If this image doesn’t excite you, you probably wouldn’t be one of the students who chose to take those elective math courses, but that’s OK, they are not for everyone.
Nobody ever consulted me when designing the common core, so I never got a chance to propose my two reforms. So instead of my ideas, we have ‘higher expectations’ with more ‘rigor’ and more ‘rigorous’ assessments. States that have started on these assessments, like in New York, have seen proficiency rates drop from 60% on the old tests to 30% on the new common core tests. The politicians assure us that when schools get used to the higher expectations, the scores will increase over the years. Those politicians, however, know nothing about teaching and learning. Higher expectations will not cause the scores to increase. Teachers are too constrained by the number of topics they have to teach and the number of students who hate math.

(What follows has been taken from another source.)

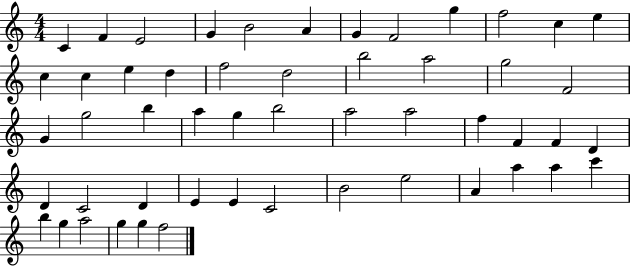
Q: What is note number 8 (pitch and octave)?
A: F4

So my prediction is that unless they change the tests or the cutoff scores to make it look like they were right, the percent proficient will remain around 30%. Maybe then they will go back to the drawing board and come up with a math education reform plan similar to what I just outlined.
In my title, I was very deliberate to write ‘math’ with a lowercase ‘m’ rather than ‘Mathematics’ with a capital one. The ‘math’ that clutters up textbooks nowadays is not, generally, worthwhile ‘Mathematics.’ So maybe an unintended consequence of the common core standards will be, as I wrote in my title ‘The Death of math.’ But maybe it will also be the rebirth of Mathematics.
And that’s what this ‘status quo defender’ thinks about that.
Note: This post was inspired by articles and blogs I have read over the years arguing for and against forcing students to take math. In the past two years there have been several articles in prominent publications calling for a reduction in the amount of math we require students to take. In July, 2012 there was The New York Times piece Is Algebra Necessary? and in the September 2013 issue of Harper’s, there was Wrong Answer. The case against Algebra II. Some of my brother Math bloggers have written some very persuasive responses to those articles, most notably Patrick Honner’s ‘Replace Algebra with … Algebra’ and Jose Vilson’s ‘Nobody Puts Algebra 2 In A Corner’. Before the articles in The New York Times and in Harper’s articles, I’ve read some even stronger cases against forcing students to take too much math by a university professor and by a high school teacher. Math professor Underwood Dudley’s ‘Is Math Necessary?’ argues that it isn’t, at least in the sense that most people think. And Paul Lockhart had a viral 25 page essay called ‘A Mathematician’s Lament’ in which he compares current math instruction to a fictional society where students are forced into thirteen years of music instruction without ever enjoying a melody.